### Data for this exercise
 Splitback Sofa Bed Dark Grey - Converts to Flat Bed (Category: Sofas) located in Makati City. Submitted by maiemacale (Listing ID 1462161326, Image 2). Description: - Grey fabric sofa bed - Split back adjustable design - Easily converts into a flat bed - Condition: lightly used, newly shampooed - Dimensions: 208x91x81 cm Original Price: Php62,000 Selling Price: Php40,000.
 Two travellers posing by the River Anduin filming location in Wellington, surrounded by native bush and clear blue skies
* * *
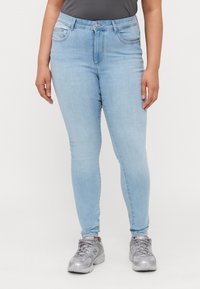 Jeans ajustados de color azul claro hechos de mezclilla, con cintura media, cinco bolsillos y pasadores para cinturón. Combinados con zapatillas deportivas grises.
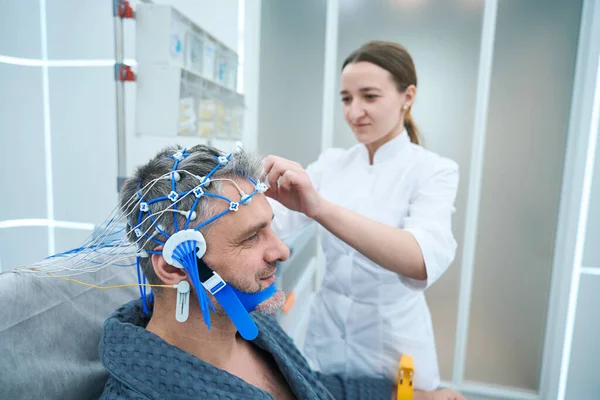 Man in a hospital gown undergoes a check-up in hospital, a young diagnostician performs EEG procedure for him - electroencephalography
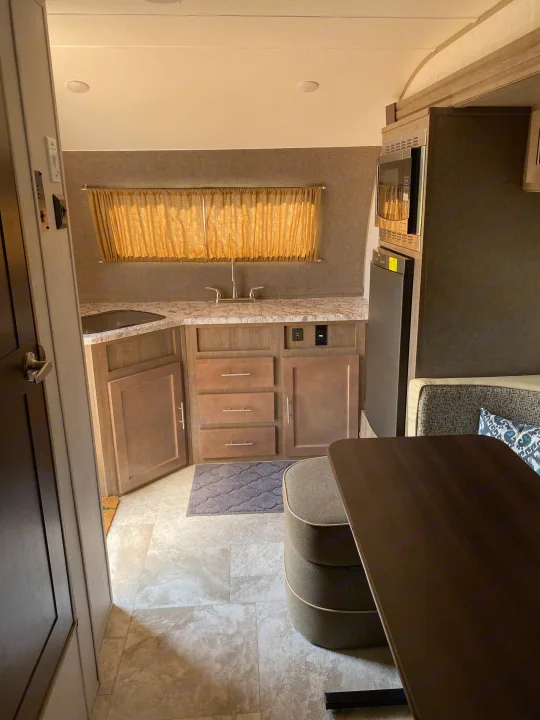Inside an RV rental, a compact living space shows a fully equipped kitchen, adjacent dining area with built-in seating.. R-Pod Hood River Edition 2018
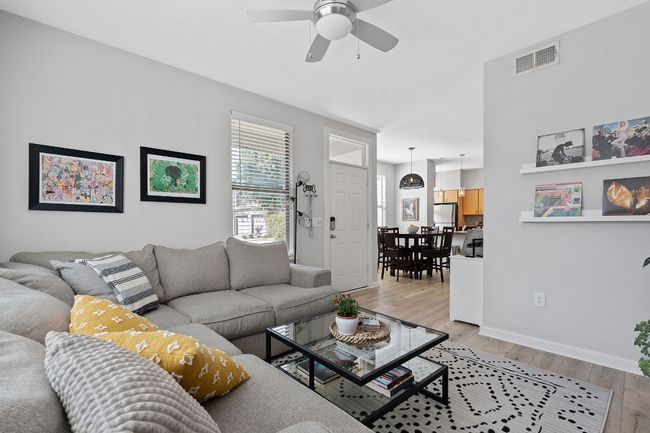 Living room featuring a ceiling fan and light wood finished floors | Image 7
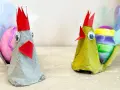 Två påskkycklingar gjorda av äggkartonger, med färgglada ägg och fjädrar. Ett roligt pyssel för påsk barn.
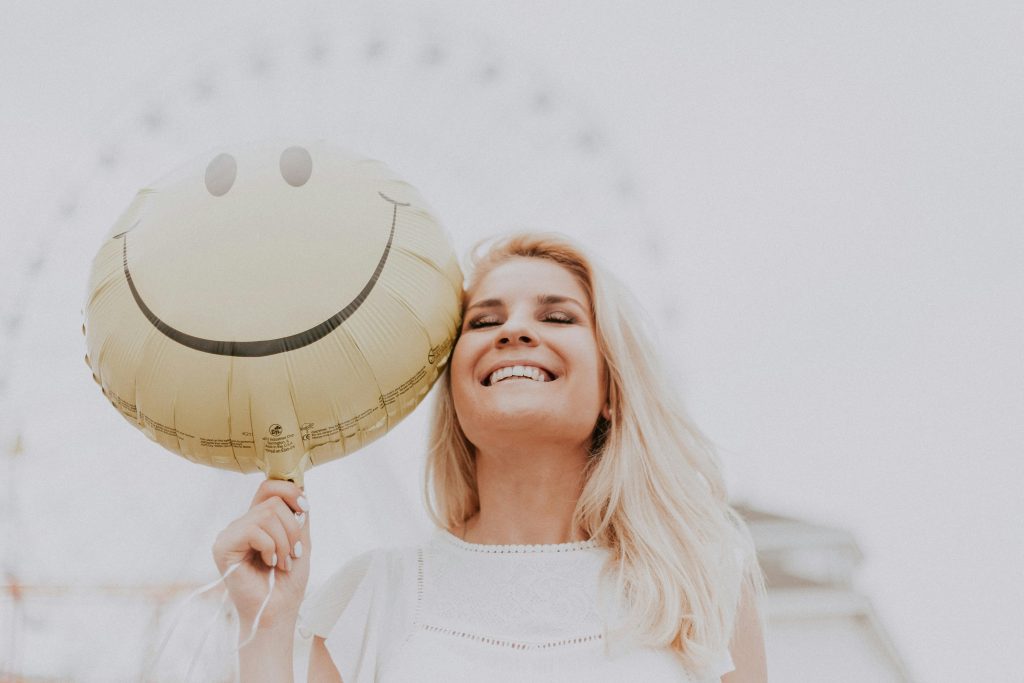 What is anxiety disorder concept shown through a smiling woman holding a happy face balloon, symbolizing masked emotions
* * *
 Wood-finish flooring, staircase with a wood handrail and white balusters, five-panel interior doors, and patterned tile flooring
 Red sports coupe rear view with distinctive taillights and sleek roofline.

### Task statement
Could you return exactly the stretch of the data above that starts at the line with "Splitback Sofa Bed" and ends at the line with "Two travellers posing", both lines included?

### Task answer
 Splitback Sofa Bed Dark Grey - Converts to Flat Bed (Category: Sofas) located in Makati City. Submitted by maiemacale (Listing ID 1462161326, Image 2). Description: - Grey fabric sofa bed - Split back adjustable design - Easily converts into a flat bed - Condition: lightly used, newly shampooed - Dimensions: 208x91x81 cm Original Price: Php62,000 Selling Price: Php40,000.
 Two travellers posing by the River Anduin filming location in Wellington, surrounded by native bush and clear blue skies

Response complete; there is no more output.